From Student Clubs to Space Systems: Harrison Verrios
Harrison Verrios explains how joining student-led engineering teams and mastering programming can launch a career in Australia’s rapidly growing space startup sector. He highlights how university student clubs, such as the Monash Nova Rover team, provide the essential engineering teamwork and networking skills needed to transition into a professional space career.
[00:00:26] Harrison believes now is the perfect time to enter the Australian space industry. With many new startups building advanced technology, there is a unique opportunity to create things for the first time in Australia. Harrison combined his two hobbies—astrophysics and programming—into a double degree in Science and IT to build his pathway into the sector.
The Monash Nova Rover Experience
[00:01:49] During his time at Monash University, Harrison joined the Nova Rover team, a student-led club that builds Mars rover analogs for international competitions. In 2019, the team traveled to Utah, USA, to compete against 30 universities from around the world. Their rover had to navigate remotely via camera feed, use a robotic arm to manipulate objects, and autonomously reach specific waypoints.
[00:02:54] The student-built rover was a massive undertaking, costing roughly $30,000 to prototype. Harrison describes the experience as the “full engineering lifecycle,” where students manage their own leadership hierarchies, weekly planning, and technical milestones without professor oversight. This hands-on environment directly emulates how professional engineering teams operate in the real world.

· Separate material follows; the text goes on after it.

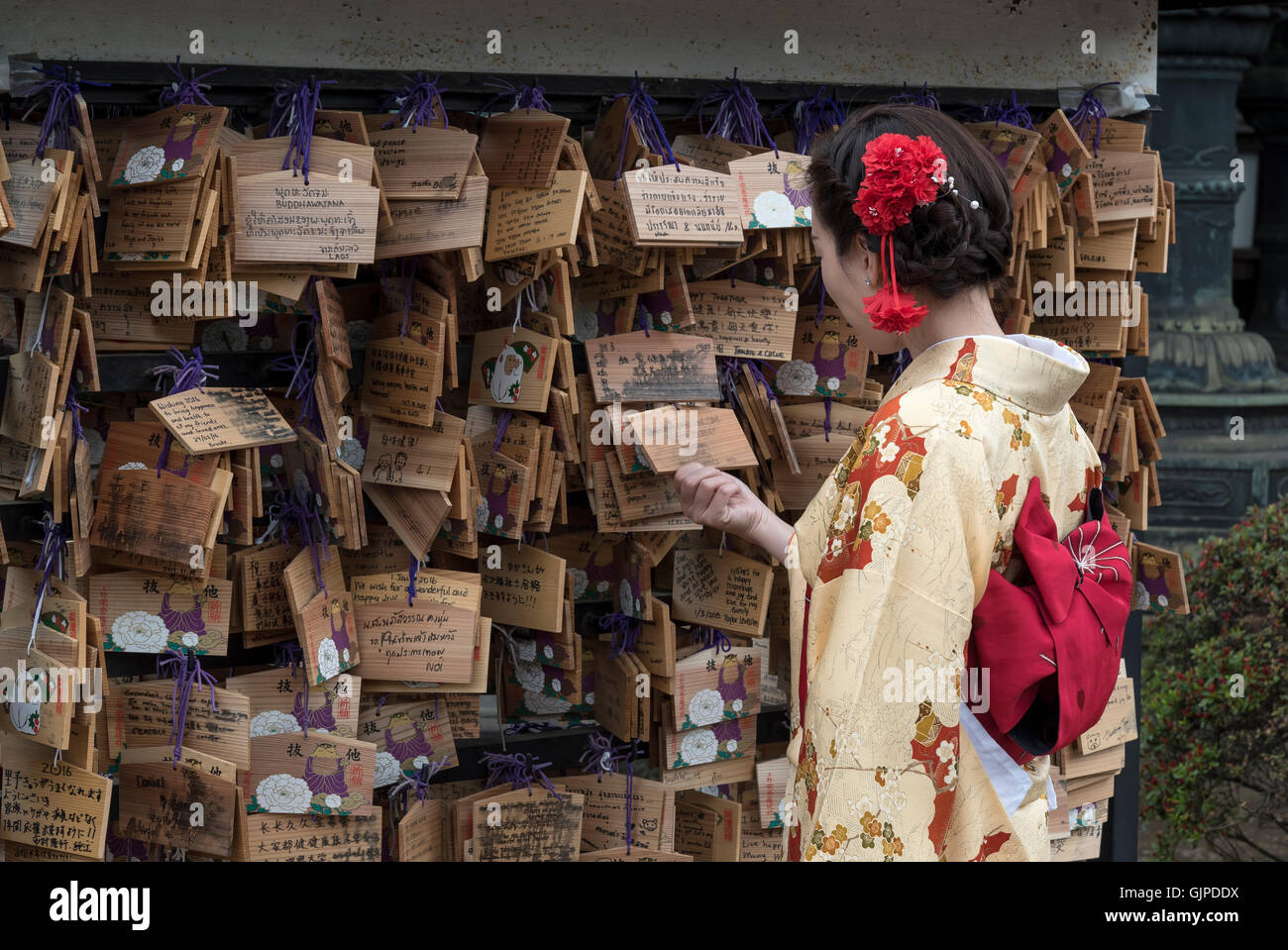 Frau, gekleidet in traditionellen Kimono befasst sich mit Ema Wunsch Plaketten in Ueno Geschichtliches, Tokyo, Japan Stockfoto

Digital Twins: Testing Before Launch
[00:06:14] Today, Harrison works at Nominal Systems building digital twin satellite software. This technology allows companies to test their entire satellite system in a virtual environment before a single piece of hardware is launched into orbit. This is critical because over 30% of spacecraft fail on their first attempt due to software configuration errors or unknown orbital issues.

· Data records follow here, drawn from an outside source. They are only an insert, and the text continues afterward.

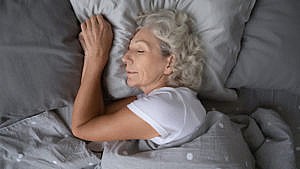 An older woman sleeping in a bed on her left side under a grey blanket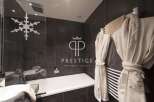 Indulge in luxury within this stunning bathroom, featuring a sleek design and modern amenities.
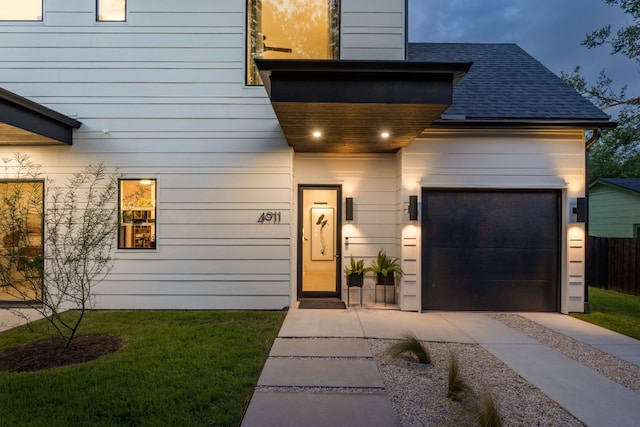 4911 Duval, Austin, TX 78751 - property entrance with an attached garage, concrete driveway, and roof with shingles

[00:07:07] By playing with different satellite configurations in a safe, simulated world, companies can optimize their results and save millions of dollars. Harrison compares this work to “advanced Minecraft,” where different digital “chunks” and systems must move and interact perfectly to ensure mission success.

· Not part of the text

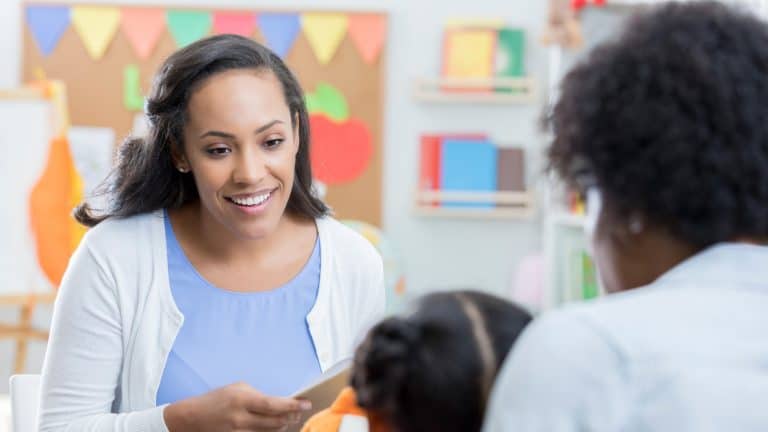 A speech therapist meeting with a teacher and child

Advice for Students: Go Beyond the Degree
[00:08:12] Harrison offers two primary pieces of advice for high school and university students:
- Learn to Program: Programming is becoming relevant in every industry, not just space. Getting ahead of the curve in high school provides a vital foundation for any STEM path.
- Join a Club: A degree is earned through assignments, but a career is built through extracurriculars. Joining student teams and clubs is where you gain experience with networking, teamwork, and professional responsibility.
[00:09:18] “At the end of the day, you’re going to get a degree with the assignments that you do,” Harrison notes, “but really the experience you get from joining student teams and clubs is where you understand what is really out there.”